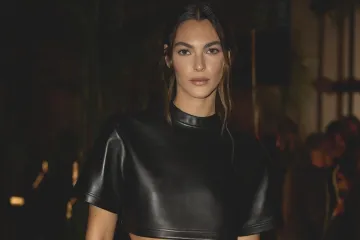 S modnih pista ravno u zagrljaj DiCaprija: Ovo je 24 godine mlađa ljepotica koja je zaludila Lea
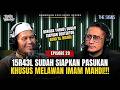 ISRIWIL KETAKUTAN MENDAPATKAN SINYAL KEHADIRAN IMAM MAHDI‼️ - The Signs #Episode29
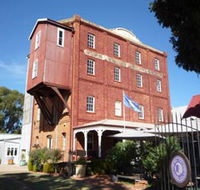 The York Mill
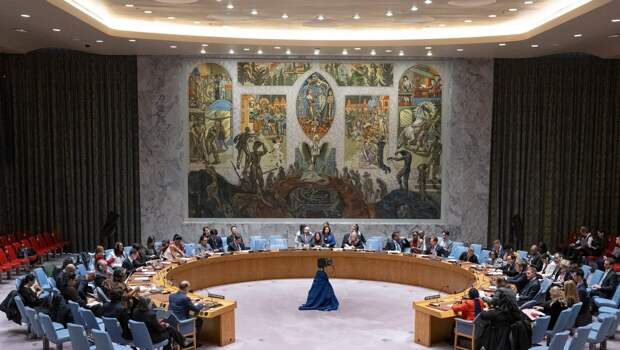 ООН не признавала Зеленского легитимным: Дипломат объясни нюанс заявления организации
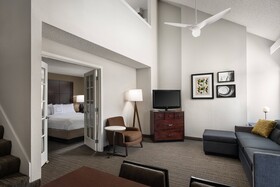 Residence Inn Seattle North/Lynnwood Everett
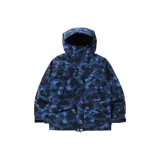 Темно-синий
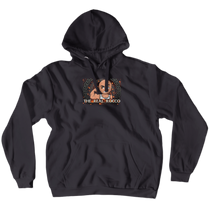 The_real_Rocco Hoodies (No-Zip/Pullover)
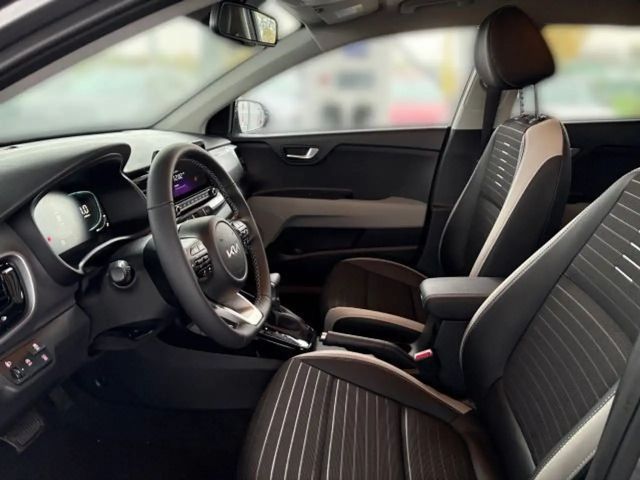 Kia Stonic STONIC 1.0T 100 48V DCT SPI TECH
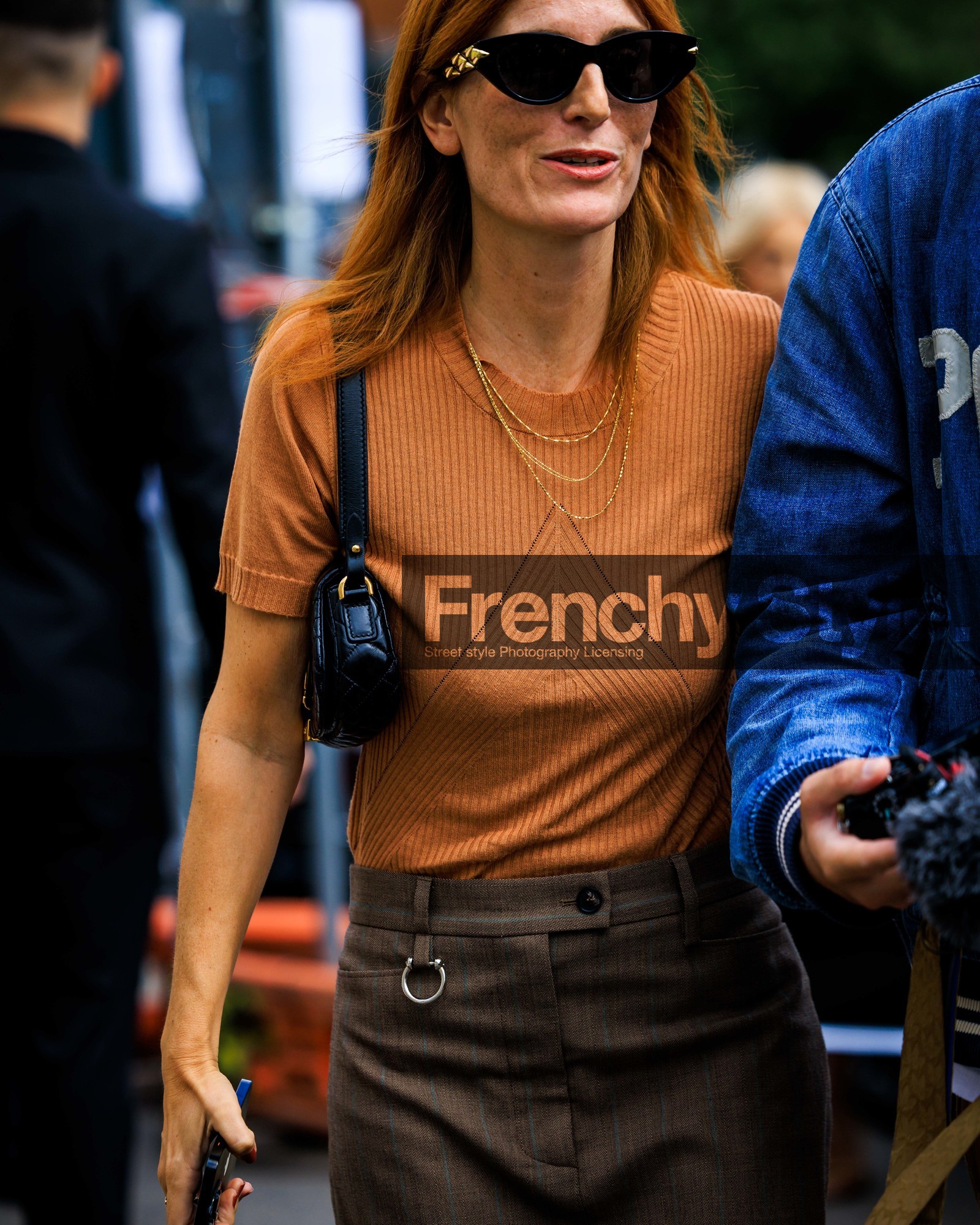 MILAN, MFW, frenchystyle, fashion week, FW, jonathan paciullo, street style, SPRING SUMMER 2024, SS 24, vertical, atmosphere details, detail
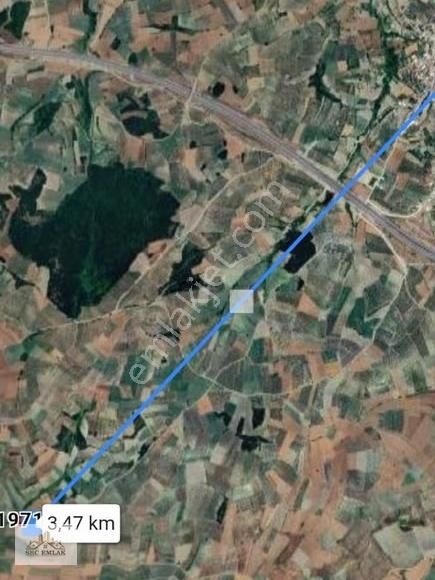 Nilüfer Konaklı | Otoyol Yakını | 291 M² Hisse Tapu Fırsatı - Görsel 4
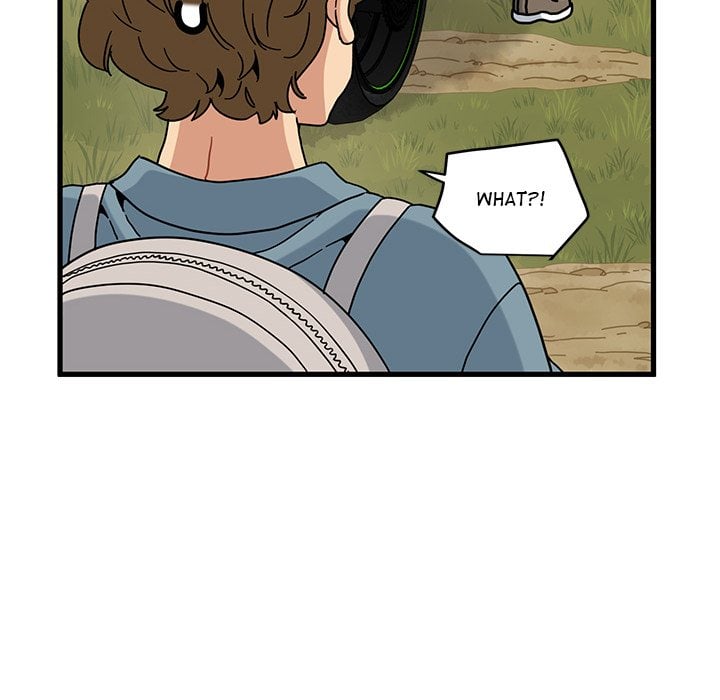 A Turning Point Chapter 121 - Page 80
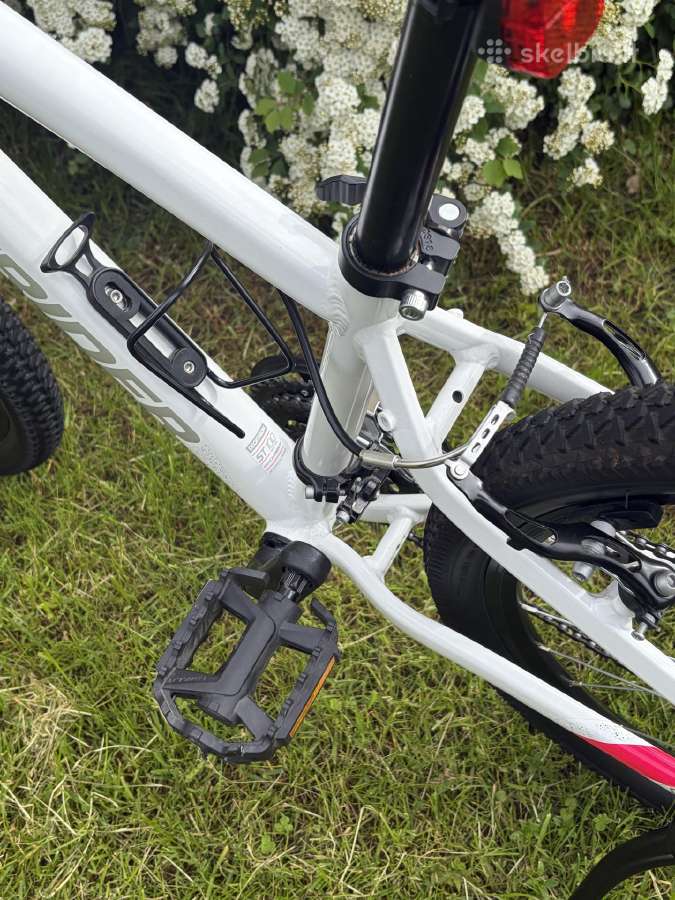 Dviratis Rockrider St 100 - nuotraukos Nr. 20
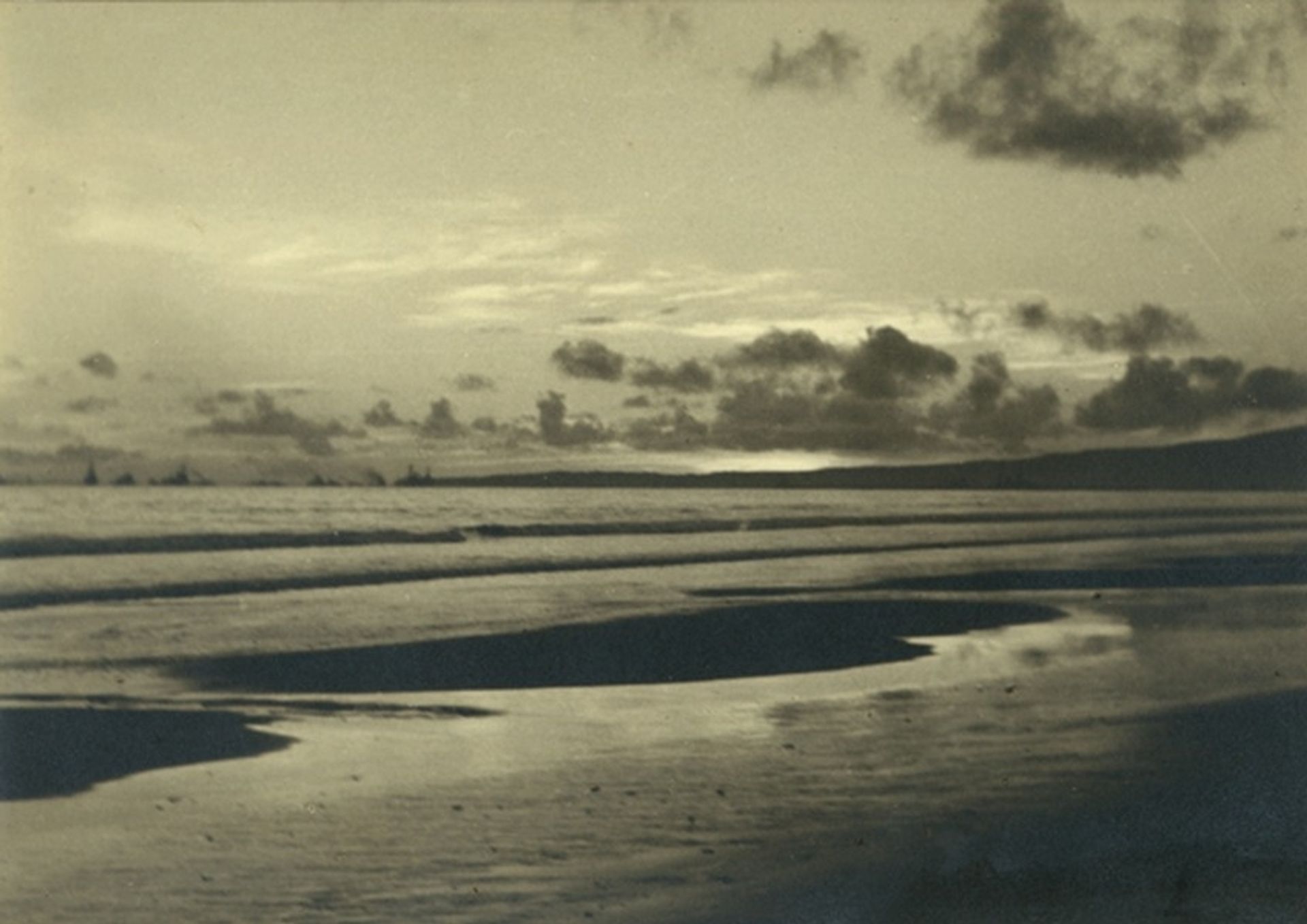 Untitled by Anne Brigman
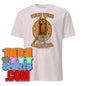 Tung Tung Sahur Funny Italian Brainrot Meme Graphic T-Shirt - 101SHIRTS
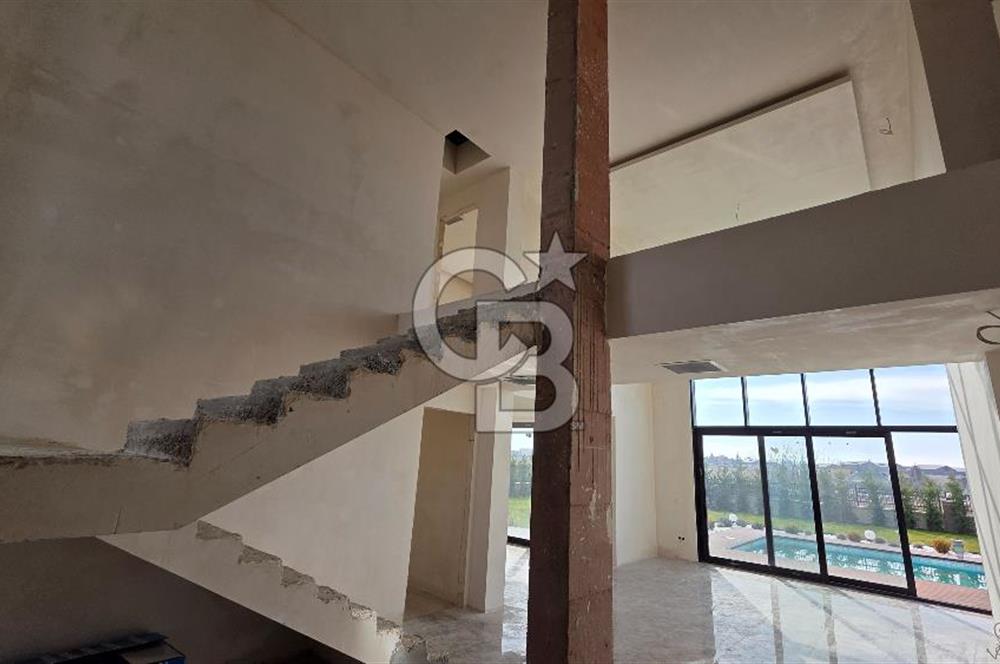 GÖLBAŞI KARŞIYAKA MAHALLESİ SATILIK TAM MÜSTAKİL VİLLA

┄┄┄┄┄┄

WHAT THE EXERCISE ASKS: The lines from the top of the data above through the one holding "Dviratis Rockrider St" are to be repeated exactly, and only those, with no pictures.

ANSWER TO THIS PROBLEM:
 S modnih pista ravno u zagrljaj DiCaprija: Ovo je 24 godine mlađa ljepotica koja je zaludila Lea
 ISRIWIL KETAKUTAN MENDAPATKAN SINYAL KEHADIRAN IMAM MAHDI‼️ - The Signs #Episode29
 The York Mill
 ООН не признавала Зеленского легитимным: Дипломат объясни нюанс заявления организации
 Residence Inn Seattle North/Lynnwood Everett
 Темно-синий
 The_real_Rocco Hoodies (No-Zip/Pullover)
 Kia Stonic STONIC 1.0T 100 48V DCT SPI TECH
 MILAN, MFW, frenchystyle, fashion week, FW, jonathan paciullo, street style, SPRING SUMMER 2024, SS 24, vertical, atmosphere details, detail
 Nilüfer Konaklı | Otoyol Yakını | 291 M² Hisse Tapu Fırsatı - Görsel 4
 A Turning Point Chapter 121 - Page 80
 Dviratis Rockrider St 100 - nuotraukos Nr. 20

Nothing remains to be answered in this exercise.